Prof. Krzysztof Ruchniewicz został szefem Instytutu Pileckiego 5 listopada 2024 r. Instytut to „miejsce stworzone na potrzeby interdyscyplinarnej i międzynarodowej refleksji nad kluczowymi zagadnieniami XX wieku: dwoma totalitaryzmami – niemieckim i sowieckim, a także konsekwencjami ich działań”. Na stanowisko powołała go minister kultury Hanna Wróblewska.
Konflikt interesów prof. Ruchniewicza
Problem w tym, że wcześniej prof. Ruchniewicz był dyrektorem Centrum Studiów Niemieckich i Europejskich im. Willy’ego Brandta Uniwersytetu Wrocławskiego. Jako pierwsi w „Rzeczpospolitej” informowaliśmy, że wewnętrzny audyt uniwersytetu stwierdził w tej instytucji konflikt interesów i możliwe nieprawidłowości. W dokumencie pokontrolnym można przeczytać, że w Centrum zawierane były umowy oraz zlecane prace Europejskiemu Stowarzyszeniu Badań Niemcoznawczych, którego członkiem założycielem był m.in. prof. Ruchniewicz. „Członkiem zarządu w randze wiceprezesa-skarbnika jest pracownik Centrum, który w zakresie obowiązków pracowniczych ma prowadzenie spraw finansowych Centrum oraz opracowywanie i przygotowanie umów. 27 grudnia 2020 roku pomiędzy Centrum a Stowarzyszeniem ESBN zostały zawarte umowy, które ze strony Stowarzyszenia ESBN zawierał m.in. ten wiceprezes-skarbnik, a ze strony UWr dyrektor Centrum. W ramach prowadzenia czynności doradczych stwierdzono istotne nieprawidłowości związane z realizacją tych umów”. Przez te cztery lata wartość prac w ramach umów oraz pojedynczych zleceń wyniosła ponad 748 tys. zł.
Czytaj więcej
Ministerstwo kultury odwołało z pełnionej funkcji dr. Wojciecha Kozłowskiego, zastępcę szefa Instytutu Pileckiego. Był on jednym z twórców tej placówki, przez kilka lat stał na jej czele.
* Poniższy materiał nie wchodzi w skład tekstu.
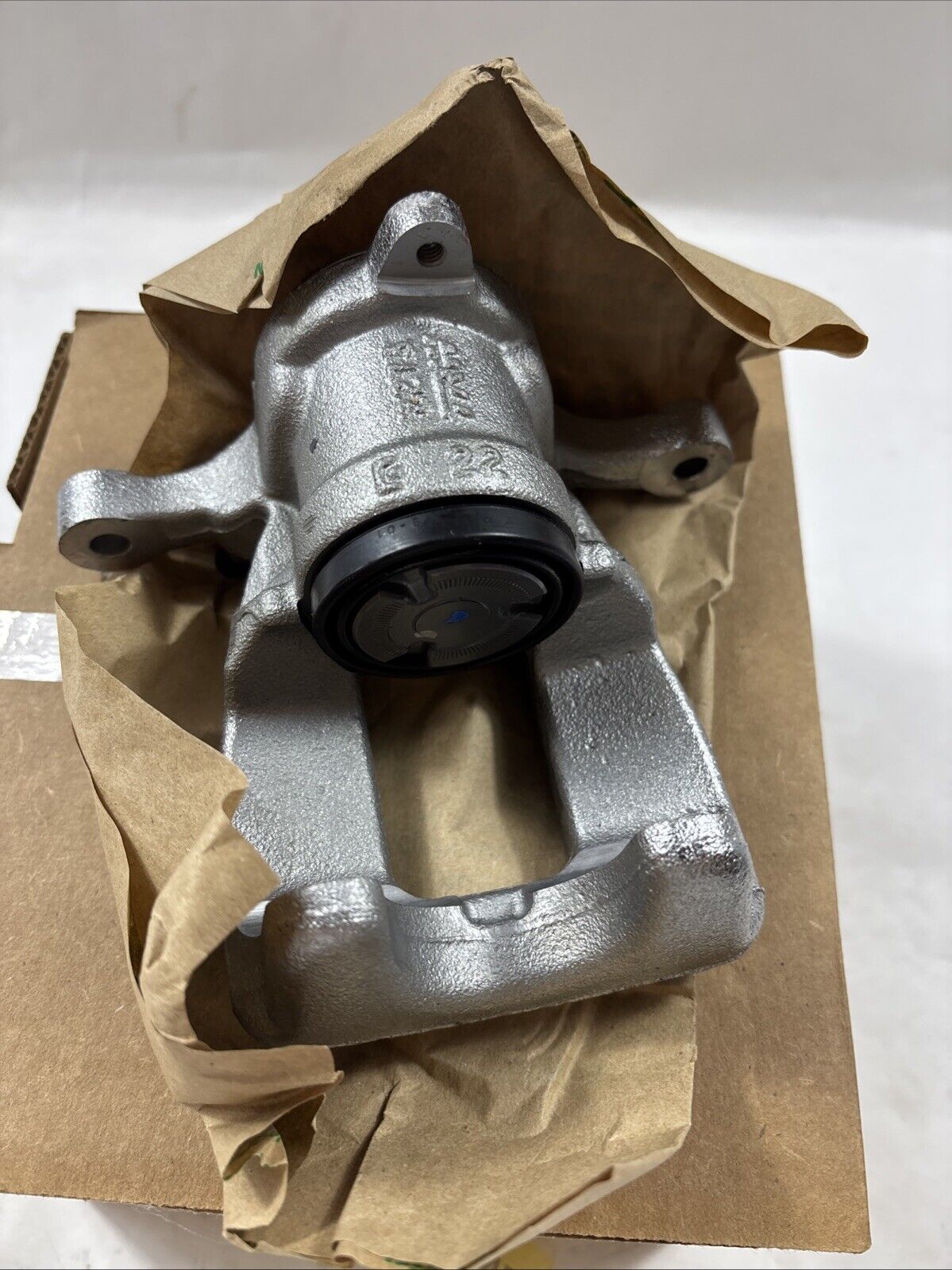 Genuine OEM GM Chevrolet Equinox Disc Brake Caliper Rear 2016-2025 13595652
Decyzja prokuratury na początku kwietnia
Ministerstwo Kultury spytaliśmy o to, czy w związku z możliwymi nieprawidłowościami finansowymi ujawnionymi w audycie centrum, z którym związany był prof. Ruchniewicz, planowana jest dymisja szefa Instytutu Pileckiego. – Dokumenty, na które się pan powołuje, są wewnętrznymi dokumentami Uniwersytetu Wrocławskiego. O powołaniu historyka prof. dr. hab. Krzysztofa Ruchniewicza na stanowisko dyrektora instytucji badawczej, tj. Instytutu Solidarności i Męstwa im. Witolda Pileckiego, zdecydowały jego kompetencje. Do ministerstwa nie wpłynęły żadne oficjalne dokumenty dotyczące nieprawidłowości finansowych – odpowiedzieli „Rz” pracownicy Centrum Informacyjnego ministerstwa kultury.
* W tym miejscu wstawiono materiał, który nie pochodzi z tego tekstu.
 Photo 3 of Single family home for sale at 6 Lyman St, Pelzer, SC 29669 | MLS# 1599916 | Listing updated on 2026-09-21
Nie zmienia to jednak tego, że – jak informuje Karolina Stocka-Mycek, rzecznik prasowy Prokuratury Okręgowej we Wrocławiu - do tej instytucji „wpłynęło pisemne zawiadomienie o podejrzeniu popełnienia czynu z art. 231 § 1 kk przez Dyrektora Centrum Studiów Niemieckich i Europejskich im. Willy'ego Brandta Uniwersytetu Wrocławskiego. Pismem z dnia 6 marca 2025 roku zawiadomienie to zostało przekazane według właściwości do Prokuratury Rejonowej dla Wrocławia-Śródmieścia”. Ten przepis mówi o tym, że „funkcjonariusz publiczny, który, przekraczając swoje uprawnienia lub nie dopełniając obowiązków, działa na szkodę interesu publicznego lub prywatnego, podlega karze pozbawienia wolności do lat 3”. Prokuratura ma 30 dni na podjęcie decyzji o wszczęciu lub odmowie wszczęcia czynności.